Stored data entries
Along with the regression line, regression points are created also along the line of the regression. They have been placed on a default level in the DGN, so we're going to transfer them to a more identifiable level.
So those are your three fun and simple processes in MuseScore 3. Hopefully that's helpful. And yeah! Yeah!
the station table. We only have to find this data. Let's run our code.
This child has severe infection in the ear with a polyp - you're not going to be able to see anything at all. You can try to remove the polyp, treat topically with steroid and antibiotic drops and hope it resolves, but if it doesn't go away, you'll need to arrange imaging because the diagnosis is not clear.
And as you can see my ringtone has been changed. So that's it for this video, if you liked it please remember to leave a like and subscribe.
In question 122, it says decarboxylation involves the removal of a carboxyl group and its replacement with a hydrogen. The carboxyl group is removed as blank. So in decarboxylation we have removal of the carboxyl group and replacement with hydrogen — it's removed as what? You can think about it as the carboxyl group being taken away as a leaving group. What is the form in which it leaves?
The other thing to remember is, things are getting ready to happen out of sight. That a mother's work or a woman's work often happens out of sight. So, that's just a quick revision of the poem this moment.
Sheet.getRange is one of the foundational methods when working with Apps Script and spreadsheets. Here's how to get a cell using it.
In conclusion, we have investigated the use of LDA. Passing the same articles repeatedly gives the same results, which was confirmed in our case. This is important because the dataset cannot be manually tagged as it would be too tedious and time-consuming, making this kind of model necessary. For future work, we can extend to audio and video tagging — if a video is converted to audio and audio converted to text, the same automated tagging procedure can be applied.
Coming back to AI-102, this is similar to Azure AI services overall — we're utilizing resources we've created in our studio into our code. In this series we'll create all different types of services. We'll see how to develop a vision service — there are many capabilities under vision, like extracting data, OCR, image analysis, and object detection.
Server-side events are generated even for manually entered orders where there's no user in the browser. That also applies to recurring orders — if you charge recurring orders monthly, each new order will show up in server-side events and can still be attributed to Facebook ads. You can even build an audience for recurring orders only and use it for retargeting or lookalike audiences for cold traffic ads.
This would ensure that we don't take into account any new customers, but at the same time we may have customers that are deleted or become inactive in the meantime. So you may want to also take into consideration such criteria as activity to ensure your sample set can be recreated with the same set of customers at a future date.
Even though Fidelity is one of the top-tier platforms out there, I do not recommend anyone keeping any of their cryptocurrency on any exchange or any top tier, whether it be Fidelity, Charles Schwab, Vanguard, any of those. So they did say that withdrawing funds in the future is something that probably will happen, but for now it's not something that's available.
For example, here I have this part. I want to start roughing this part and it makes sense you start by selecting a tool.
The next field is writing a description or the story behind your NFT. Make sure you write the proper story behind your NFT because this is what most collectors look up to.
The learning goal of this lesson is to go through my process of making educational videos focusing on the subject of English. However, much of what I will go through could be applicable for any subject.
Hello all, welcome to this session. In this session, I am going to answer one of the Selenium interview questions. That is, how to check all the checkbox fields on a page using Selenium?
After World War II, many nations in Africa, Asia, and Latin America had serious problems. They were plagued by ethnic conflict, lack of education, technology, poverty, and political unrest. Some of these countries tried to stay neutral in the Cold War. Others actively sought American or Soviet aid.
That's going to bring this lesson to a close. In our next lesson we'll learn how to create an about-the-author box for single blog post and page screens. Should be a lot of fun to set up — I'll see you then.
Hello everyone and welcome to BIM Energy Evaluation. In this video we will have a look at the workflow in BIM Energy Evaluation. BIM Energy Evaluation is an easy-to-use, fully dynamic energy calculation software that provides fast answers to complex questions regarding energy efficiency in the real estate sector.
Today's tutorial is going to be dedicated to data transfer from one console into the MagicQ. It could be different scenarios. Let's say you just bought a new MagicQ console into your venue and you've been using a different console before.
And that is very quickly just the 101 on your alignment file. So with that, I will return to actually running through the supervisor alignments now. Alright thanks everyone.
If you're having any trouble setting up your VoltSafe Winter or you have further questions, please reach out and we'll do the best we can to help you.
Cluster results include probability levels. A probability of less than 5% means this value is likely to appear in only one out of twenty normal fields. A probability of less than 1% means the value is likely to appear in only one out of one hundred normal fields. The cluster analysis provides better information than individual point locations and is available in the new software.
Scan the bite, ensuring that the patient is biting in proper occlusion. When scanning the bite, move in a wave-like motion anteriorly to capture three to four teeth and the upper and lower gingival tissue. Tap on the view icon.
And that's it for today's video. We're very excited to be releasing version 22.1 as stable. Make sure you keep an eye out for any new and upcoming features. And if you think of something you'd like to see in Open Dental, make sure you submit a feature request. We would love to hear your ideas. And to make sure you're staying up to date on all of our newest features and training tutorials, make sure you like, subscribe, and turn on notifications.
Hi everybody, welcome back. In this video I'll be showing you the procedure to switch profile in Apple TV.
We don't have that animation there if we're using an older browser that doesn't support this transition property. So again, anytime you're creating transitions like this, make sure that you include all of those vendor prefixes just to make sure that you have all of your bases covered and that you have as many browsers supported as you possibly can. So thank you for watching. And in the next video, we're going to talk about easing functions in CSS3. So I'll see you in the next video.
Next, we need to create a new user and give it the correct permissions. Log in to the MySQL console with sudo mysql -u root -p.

▶ **WHAT TO DO**: Using the entries above, return exactly the lines from the line with "That's going to" to the line with "Today's tutorial is", counting both of those lines.

▶ **WRITTEN RESPONSE**:
That's going to bring this lesson to a close. In our next lesson we'll learn how to create an about-the-author box for single blog post and page screens. Should be a lot of fun to set up — I'll see you then.
Hello everyone and welcome to BIM Energy Evaluation. In this video we will have a look at the workflow in BIM Energy Evaluation. BIM Energy Evaluation is an easy-to-use, fully dynamic energy calculation software that provides fast answers to complex questions regarding energy efficiency in the real estate sector.
Today's tutorial is going to be dedicated to data transfer from one console into the MagicQ. It could be different scenarios. Let's say you just bought a new MagicQ console into your venue and you've been using a different console before.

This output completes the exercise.